Romans 8:31-39 speaks on this:

What then shall we say to these things? If God is for us, who is against us? He who did not spare His own Son, but delivered Him over for us all, how will He not also with Him freely give us all things? Who will bring a charge against God’s elect? God is the one who justifies; who is the one who condemns? Christ Jesus is He who died, yes, rather who was raised, who is at the right hand of God, who also intercedes for us. Who will separate us from the love of Christ? Will tribulation, or distress, or persecution, or famine, or nakedness, or peril, or sword? Just as it is written,
“For Your sake we are being put to death all day long;
We were considered as sheep to be slaughtered.”
But in all these things we overwhelmingly conquer through Him who loved us. For I am convinced that neither death, nor life, nor angels, nor principalities, nor things present, nor things to come, nor powers, nor height, nor depth, nor any other created thing, will be able to separate us from the love of God, which is in Christ Jesus our Lord. (Romans 8:31-39)

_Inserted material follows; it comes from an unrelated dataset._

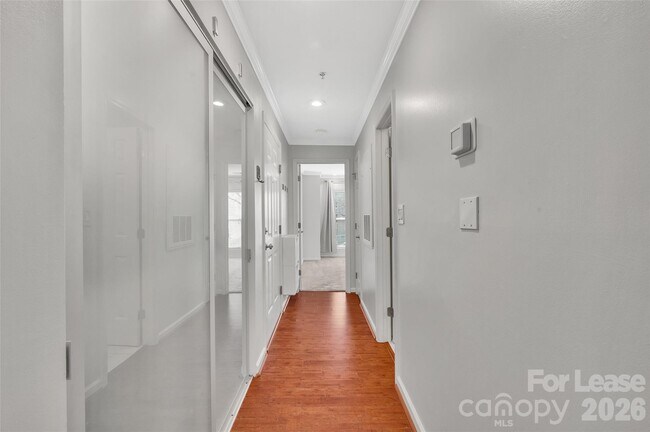 Building Photo - 505 N Graham St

Many take this passage from Romans the wrong way. They misapply it in thinking that whatever they do in this life, they will be successful at it. However, this is not what this passage teaches at all. What this is saying is that we will have struggles, pain, suffering, attacks from enemies, persecution, death, broken relationships, etc but through all this, God is our shield. If He sacrificed His perfectly righteous Son to save our wretched souls, will He not also protect us from those things that cause our soul to shudder? Of course He will!

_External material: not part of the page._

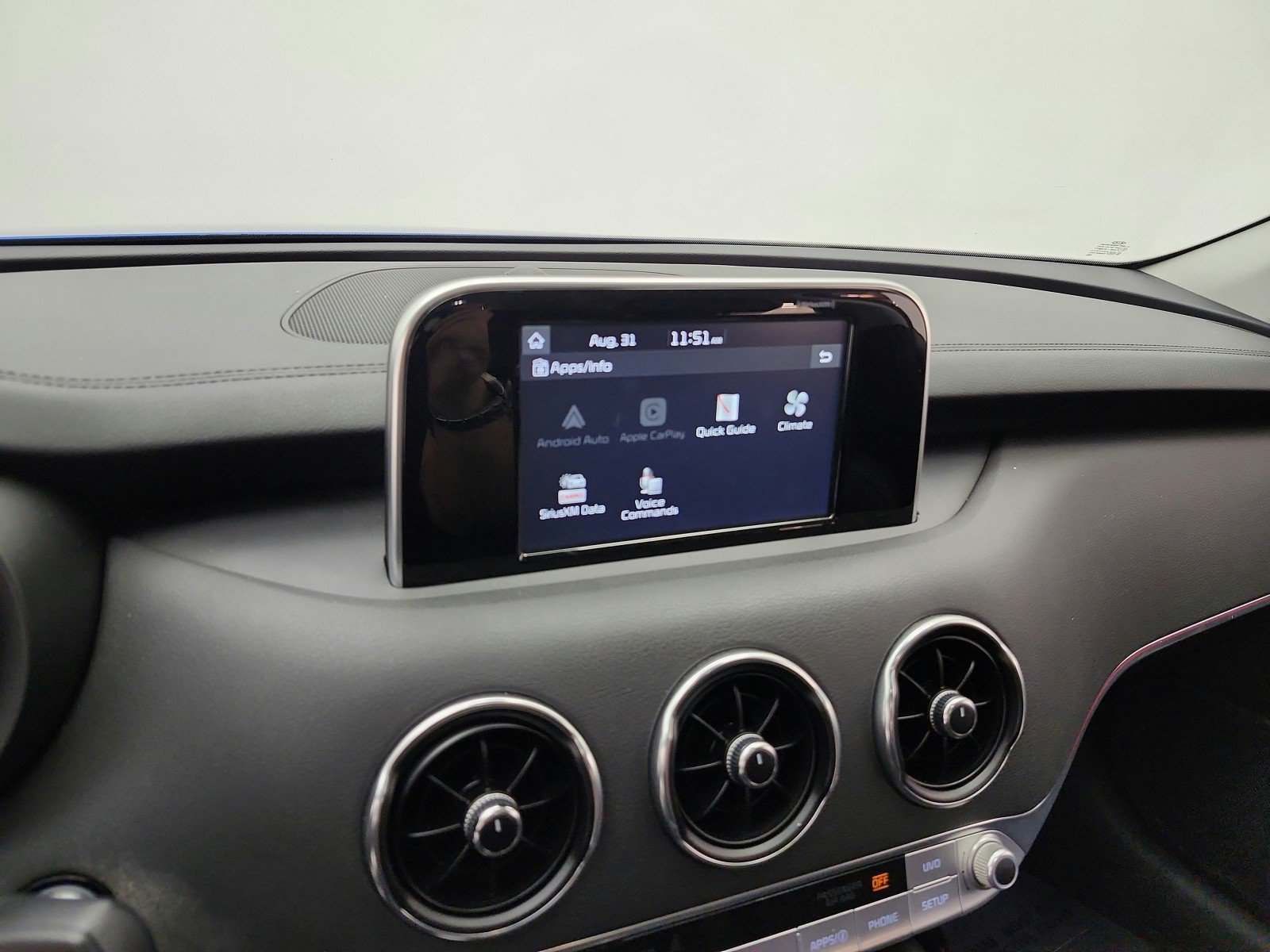 Used 2019 Kia Stinger RWD image 13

Jesus told His disciples in John 16:33, “In the world you have tribulation, but take courage; I have overcome the world.” As Christians, we will suffer in this world but we have a Shield in whom we rest.

“For, by this voice, God daily speaks to his faithful ones; inasmuch as having once undertaken to defend us, he will take care to preserve us in safety under his hand, and to protect us by his power. Now since God ascribes to himself the office and property of a shield, for the purpose of rendering himself the protector of our salvation; we ought to regard this promise as a brazen wall, so that we should not be excessively fearful in any dangers.” ~ John Calvin2

“Your reward shall be very great”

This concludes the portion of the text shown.